Mr Court described the use of the corporations power to override the state systems in dealing with companies as a “major mistake”.
He said WA Liberals had argued strongly against the Howard plan well before the coalition won power in Canberra, because the key to effective industrial relations was the flexibility provided by ‘relief valves’.
Even though the federal Labor government under Bob Hawke and then Paul Keating had introduced reforms, Mr Court said the system had still been highly centralised.
As a result of changes his government started to introduce after being elected in 1993, and administered through the WA Industrial Relations Commission, Rio Tinto, for example, had moved quickly to transfer its workforce to the new deal.
“Within a few years the Pilbara was transformed with workers being paid more, having more flexibility in their workplace, improved work conditions, very few disputes, and the unions were closing their Pilbara offices,” Mr Court said.
“All this occurred while Paul Keating was a Labor prime minister and was carried out under a state industrial relations regime. You could move between the state and federal jurisdictions.”
Mr Court said the key to his government’s changes was the existence of a separate state-based system; but that avenue had been removed by the Howard government’s initiative, adding that the “the business community is equally to blame”.
“When I discussed this with business leaders at the time I was bluntly told get off my old states’ rights horse – and that no future government would dare go back to the bad old days. My response was that they (Labor) would do it within 20 seconds of being elected. And they have. But this time there is no relief valve.”

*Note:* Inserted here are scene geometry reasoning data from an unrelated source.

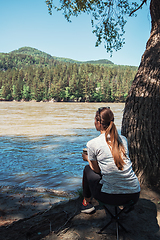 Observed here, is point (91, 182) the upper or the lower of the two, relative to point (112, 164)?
lower

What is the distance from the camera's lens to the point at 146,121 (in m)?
3.76

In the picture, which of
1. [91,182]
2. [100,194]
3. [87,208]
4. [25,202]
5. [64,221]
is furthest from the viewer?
[25,202]

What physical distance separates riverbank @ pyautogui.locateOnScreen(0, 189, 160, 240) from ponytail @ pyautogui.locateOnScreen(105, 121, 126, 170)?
97 centimetres

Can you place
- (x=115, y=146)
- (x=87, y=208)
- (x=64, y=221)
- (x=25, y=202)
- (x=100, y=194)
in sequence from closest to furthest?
(x=115, y=146) < (x=100, y=194) < (x=64, y=221) < (x=87, y=208) < (x=25, y=202)

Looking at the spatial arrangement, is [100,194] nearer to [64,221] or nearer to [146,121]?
[64,221]

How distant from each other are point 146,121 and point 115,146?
5.03ft

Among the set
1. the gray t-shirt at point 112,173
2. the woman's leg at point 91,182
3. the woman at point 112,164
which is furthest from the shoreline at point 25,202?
the gray t-shirt at point 112,173

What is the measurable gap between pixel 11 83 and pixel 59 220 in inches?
4481

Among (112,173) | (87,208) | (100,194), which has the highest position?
(112,173)

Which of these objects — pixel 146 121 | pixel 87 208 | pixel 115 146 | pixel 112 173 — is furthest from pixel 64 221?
pixel 146 121

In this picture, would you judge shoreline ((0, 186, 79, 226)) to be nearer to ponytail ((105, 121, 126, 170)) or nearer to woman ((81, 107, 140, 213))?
woman ((81, 107, 140, 213))

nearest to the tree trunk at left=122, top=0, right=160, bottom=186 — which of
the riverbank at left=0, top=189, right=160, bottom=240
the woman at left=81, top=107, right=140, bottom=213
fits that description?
the riverbank at left=0, top=189, right=160, bottom=240

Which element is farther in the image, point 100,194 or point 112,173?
point 100,194

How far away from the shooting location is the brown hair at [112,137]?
245cm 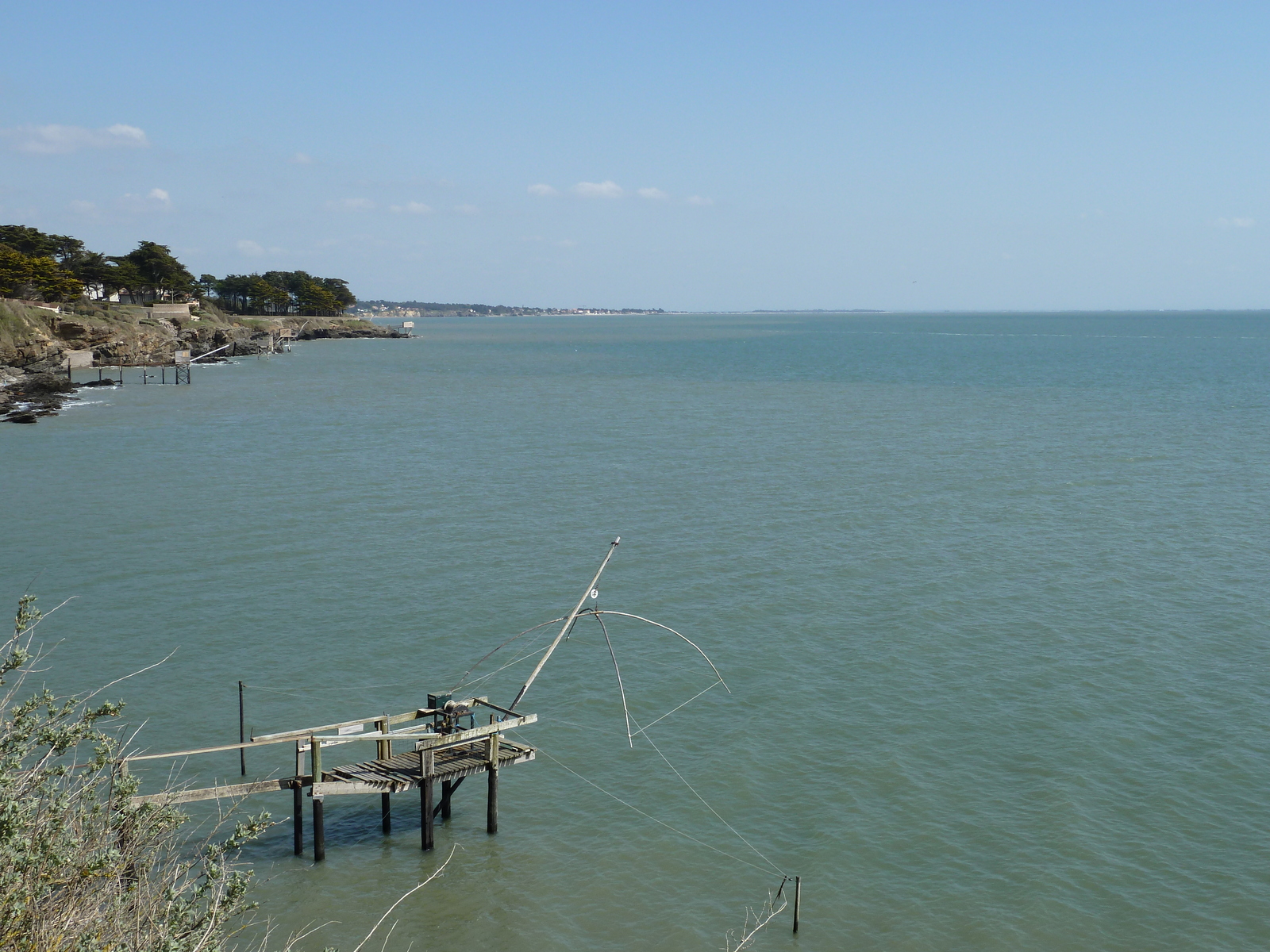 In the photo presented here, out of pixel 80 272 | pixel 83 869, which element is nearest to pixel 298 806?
pixel 83 869

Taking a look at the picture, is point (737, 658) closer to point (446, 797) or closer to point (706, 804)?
point (706, 804)

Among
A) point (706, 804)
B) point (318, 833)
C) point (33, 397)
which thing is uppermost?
point (33, 397)

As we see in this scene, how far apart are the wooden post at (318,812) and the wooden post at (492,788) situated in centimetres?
258

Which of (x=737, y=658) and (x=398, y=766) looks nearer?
(x=398, y=766)

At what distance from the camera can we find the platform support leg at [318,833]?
54.5 ft

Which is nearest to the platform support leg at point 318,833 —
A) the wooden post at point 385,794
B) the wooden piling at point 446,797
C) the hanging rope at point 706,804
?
the wooden post at point 385,794

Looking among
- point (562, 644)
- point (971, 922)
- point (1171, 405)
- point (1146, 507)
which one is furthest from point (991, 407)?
point (971, 922)

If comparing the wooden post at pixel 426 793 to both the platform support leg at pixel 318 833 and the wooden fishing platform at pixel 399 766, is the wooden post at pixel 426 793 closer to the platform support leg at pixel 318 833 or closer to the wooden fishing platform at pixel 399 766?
the wooden fishing platform at pixel 399 766

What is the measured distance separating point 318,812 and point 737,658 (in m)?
11.4

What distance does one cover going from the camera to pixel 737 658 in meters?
25.5

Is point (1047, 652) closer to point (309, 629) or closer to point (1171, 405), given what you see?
point (309, 629)

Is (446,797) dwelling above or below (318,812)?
below

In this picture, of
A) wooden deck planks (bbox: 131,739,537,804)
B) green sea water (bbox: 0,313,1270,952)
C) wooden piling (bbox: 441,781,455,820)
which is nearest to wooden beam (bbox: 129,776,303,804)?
wooden deck planks (bbox: 131,739,537,804)

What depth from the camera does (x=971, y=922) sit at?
51.4ft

The former premier is sceptical whether an incoming Abbott government would be able, or prepared, to implement significant changes.
“It seems that the reality is there will be some tweaking of the existing legislation to not reignite the effective union campaign against WorkChoices,” Mr Court said.
“And I do not think that is something the coalition parties should be particularly proud of because there is a need to have a system where competition between the states promotes innovation and improved productivity in our labour markets.
“We freed up the labour markets. It was successful, now we are going back to the one size fits all.”
That throws the ball well and truly back into Mr Abbott’s court.
Pay push next
LABOUR costs are shaping as the next issue in the shopping hours debate, with penalty rates for weekend work, especially on Sundays, likely to come under the microscope.
Both Premier Colin Barnett and opposition leader Mark McGowan were out and about last Sunday to soak up their share of the kudos from Sunday shopping supporters – Mr Barnett for pushing the issue through his policy of ‘gradualism’, and Mr McGowan for cutting through Labor’s policy of obstruction.
The experience of day one, stripped of all the hype, was that crowds were modest, partly due to the fact the first day clashed with the City to Surf run, and the Dockers versus North Melbourne AFL clash, which kept thousands of fans glued to their televisions.
The anecdotal evidence was that, while the vast bulk of stores were open, many smaller businesses remained closed, partly in the belief that labour costs for the day would not warrant opening their doors.
This is likely to lead to a reassessment of the penalty rates regime, which provides for time and a half or double time for weekend work. Structured in the days when shops closed at noon on Saturdays, penalty rates are important for modestly paid shop assistants, and thousands of students who work part-time.
Perhaps the answer is a general increase in the hourly rate, with a smaller loading for those rostered for the ‘anti-social’ shifts.
My tip is that unions will fiercely oppose any change. But the retail sector has now become a seven-days-a-week industry, and employers will start pushing for that to be reflected in wage rates.